Now, organizers hope to breathe new life into the abandoned building, which clocks in at over 200,000 square feet, by transforming the structure into around 150 apartments.
Woonsocket Middle School is just one of various adaptive reuse projects in Rhode Island that recycle buildings, such as storage space and office buildings, for purposes different from what their original architects imagined.
This year, Rhode Island state House Speaker K. Joseph Shekarchi introduced a sweeping package of housing bills, 13 of which are set to go into effect next year. One of the bills allows for adaptive reuse in local zoning ordinances and makes the process easier in the hopes of increasing the state’s affordable housing stock. While Woonsocket Middle School’s reuse plans began before the bill went into effect, it might serve as an example of one key solution that will address the state’s housing crisis.
Built in 1914, Woonsocket Middle School was abandoned in December 2009. Boston-based developer The Goldman Group purchased the property for $1 million in 2022 and hired David Sisson Architecture to redesign the building into market-rate apartments.
“Large buildings that are very expensive to reconfigure for any use are often in rough condition and have a challenge at the local approval level,” said David Sisson, principal architect at David Sisson Architecture and the architect for the Woonsocket Middle School redevelopment. “Sometimes the zoning is not favorable.”
With the new law not in effect, Woonsocket’s City Council created a "spot zone" making an exception for the building’s zoning allowing it to be transformed into apartments, Sisson said.
“Getting a use variance is very difficult,” Sisson said. “You basically have to prove that there’s no other beneficial use of the property than what you’re suggesting.”
The new law only allows developers to reuse buildings if the building dedicates a certain portion of units to low- and moderate-income housing, Sisson said.
Renovating an old building like the middle school comes with a host of challenges, Sisson said. While developers purchased the building for $1 million, “the actual conversion is going to be tens of millions,” he noted. “It is always a challenge to get somebody to fund that.”
Woonsocket Middle School is listed on the National Register of Historic Places. This status both opens up funding opportunities through tax credits and creates limitations due to the register’s requirements.
For example, the pre-existing doors in the middle school may not measure up to apartment buildings’ minimum fire resistance rating. The challenge is for the team to design a door that has a fire rating but still looks very similar to the original. By doing this for every door, the price tag grows.
Many other issues need to be addressed: “The floor has asbestos in it, guaranteed. The paint has lead in it, guaranteed,” Sisson said. “We have to deal with putting in modern electrical systems, modern plumbing systems, modern heating and air conditioning systems. Those are just some of the challenges we deal with.”

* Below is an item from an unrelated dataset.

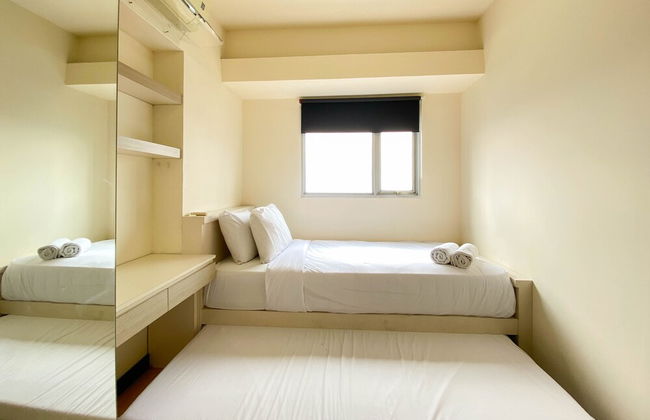 Cozy And Modern Look 2Br The Wave Kuningan Apartment - Foto 3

“The goal is that when this is done, it should look like a school,” Sisson said. “You should feel like you’re living in a school. That’s the flavor we hope to get.”
Even if Woonsocket Middle School successfully transforms into apartments, it’s one building in a larger crisis throughout the state. And according to Shekarchi, Rhode Island’s housing crisis is part of a national issue: “The thing that has been proven across the country is that you have to increase the housing stock,” he said. “If there’s more housing available, the price is stabilized, the prices come down and then people are able to afford clean, safe housing.”

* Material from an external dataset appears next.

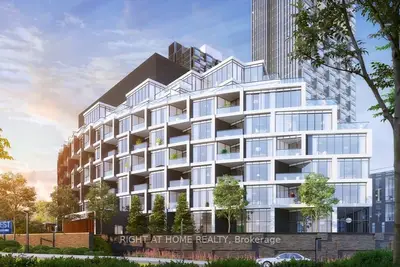 Condo Apartment in Toronto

Brenda Clement, director of HousingWorks RI, explained that most funding to build affordable housing comes from the federal level, with less coming from the state. Decisions on what is built and how the construction process will work are left up to local officials.
The laws aim to “unclog the cogs that exist at the local level with local zoning ordinances, local regulations and trying to streamline the process a little bit,” Clement said.

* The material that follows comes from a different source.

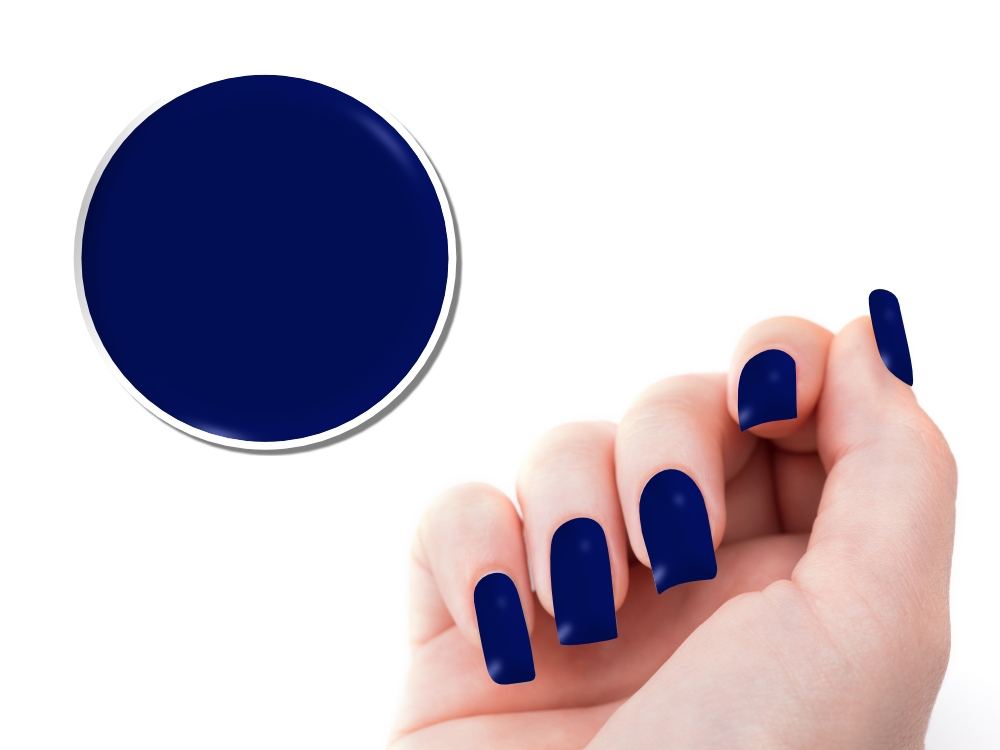 UV Color Gel "Uni" 5g - Deep Blue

“There’s still a lot of changes that have to happen at the local level,” Clement said. The bills try “to provide a pathway and an incentive and more importantly, some support for technical assistance and support for communities to change those local regulations.”
According to Shekarchi, adaptive reuse is attractive to developers because the buildings’ foundational infrastructure, like elevators and pipes, already exists.
“It makes sense from a whole lot of perspectives to repurpose and reuse existing buildings rather than building out on green fields … particularly when we look at our climate change goals,” Clement said.
While the bill may have made it easier to get the go-ahead for adaptive reuse projects, “there’s still a lot of checks and balances,” Shekarchi noted. “These projects are not going to be just overnight turned into housing, but nevertheless, it will be a lot easier for a developer who looks at it.”
“We’ve been underproducing since the mid-1980s,” Clement said. “It’s really exciting for me to finally see us talking about how do we actually do this and then, more importantly, (getting) some resources to actually do it.’
“A lot of it is really new,” Clement said, referring to the new housing bills. “It’s changing the status quo, and lots of people don’t like change.”
“It’s new, it’s significant and there’s always pushback,” Shekarchi said. “We need for everybody to think out of the box.”
“This is a crisis that we need all hands on deck,” he added. “We’re going to need everyone’s help.”